Plastic now pervades civilization---how many of the things you see from where you are right now are plastic? It is an ingenious material whose miraculous qualities we take too much for granted, but it also sometimes has nightmarish downstream effects. The giant polymer molecules (polyethylene, polypropylene, polystyrene, etc.) that are so marvelously cheap to mold, extrude, shape, and weave are also extremely durable. Their cheapness makes them the basic material of a throw-away culture (one third of all plastic goes into disposable packaging.) Their durability means that any toxic effects persist indefinitely in the environment.

Plastic presents a problem in temporal management of the very long-term and the very short-term. How do we get the benefits of plastic's amazing durability while reducing the harm from its convenient disposability? The matter requires close and respectful coordination between short-term experts (businesses) and long-term experts (governments and nonprofits). Managing plastic well is a microcosm of managing civilization well.

Susan Freinkel is the author of Plastic: A Toxic Love Story and American Chestnut: The Life, Death, and Rebirth of a Perfect Tree.

Making plastic even better

Plastic is so new, Freinkel began, that among all the objects preserved in the sunken Titanic, none are synthetic plastic, because there was hardly any available in 1912. Natural plastic, however, was a familiar material. Amber was popular. Rubber was essential (all plant cellulose is made of long-chain polymers). Ivory for everything from billiard balls to piano keys was in such high demand that an 1867 paper warned about the looming extinction of elephants. The first synthetic plastic---celluoid---was developed as a substitute for ivory, and the elephants survived.

Bakelite was invented in 1907 to replace the beetle excretion called shellac ("It took 16,000 beetles six months to make a pound of shellac."), and was first used to insulate electrical wiring. Soon there were sturdy Bakelite radios, telephones, ashtrays, and a thousand other things. The technology democratized consumption, because mass production made former luxury items cheap and attractive. The 1920s and ‘30s were a golden age of plastic innovation, with companies like Dow Chemical, DuPont, and I. G. Farben creating hundreds of new varieties of plastic for thrilled consumers. Cellophane became a cult. Nylons became a cult. A plastics trade show in 1946 had 87,000 members of the public lining up to view the wonders. New fabrics came along---Orlon and Dacron---as colorful as the deluge of plastic toys---Barbie, the Frisbee, Hula hoops, and Silly Putty.
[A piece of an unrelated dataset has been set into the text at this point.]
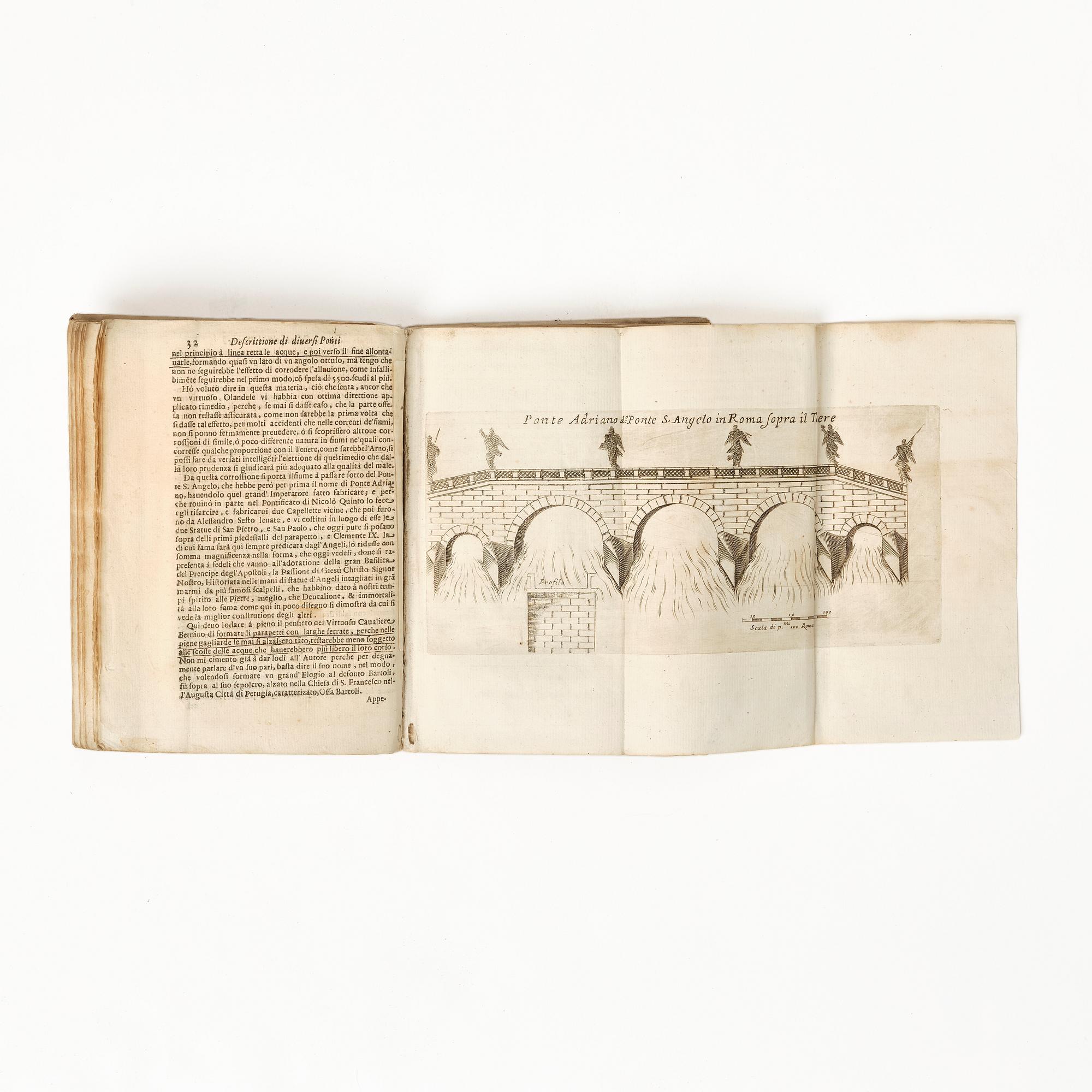 Bridges & Architecture, with engraved plates, 1676 & 1762.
Looking for new markets, the marketers discovered disposability---disposable cups for drink vending machines, disposable diapers ("Said to be responsible for the baby boom"), Bic lighters, soda bottles, medical syringes, and the infinite market of packaging. Americans consume 300 pounds of plastic a year. The variety of plastics we use are a problem for recycling, because they have to be sorted by hand. They all biodegrade eventually, but at varying rates. New bio-based polymers like "corn plastic" and "plant bottles" have less of a carbon footprint, but they biodegrade poorly. Meanwhile, thanks to the efficiencies of fracking, the price of natural gas feedstock is plummeting, and so is the price of plastic manufacture.
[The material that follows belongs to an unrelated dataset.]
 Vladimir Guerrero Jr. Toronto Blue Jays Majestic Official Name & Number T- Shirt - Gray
Some plastics have some chemicals like bisphenol A and phthalates that are toxic. American manufacturers don’t have to list the materials in their products, and there’s no hope of testing every one of the 80,000 industrialized chemicals loose in the world. Freinkel recommends greatly expanding the practice of “green chemistry,” so that every process and product of manufacturing is safe and sustainable from the ground up. She would like to see a stronger regulatory environment and the building of a fully systemic recycling infrastructure.

In the Q & A Freinkel recommended a book by Elizabeth Grossman, Chasing Molecules: Poisonous Products, Human Health, and the Promise of Green Chemistry.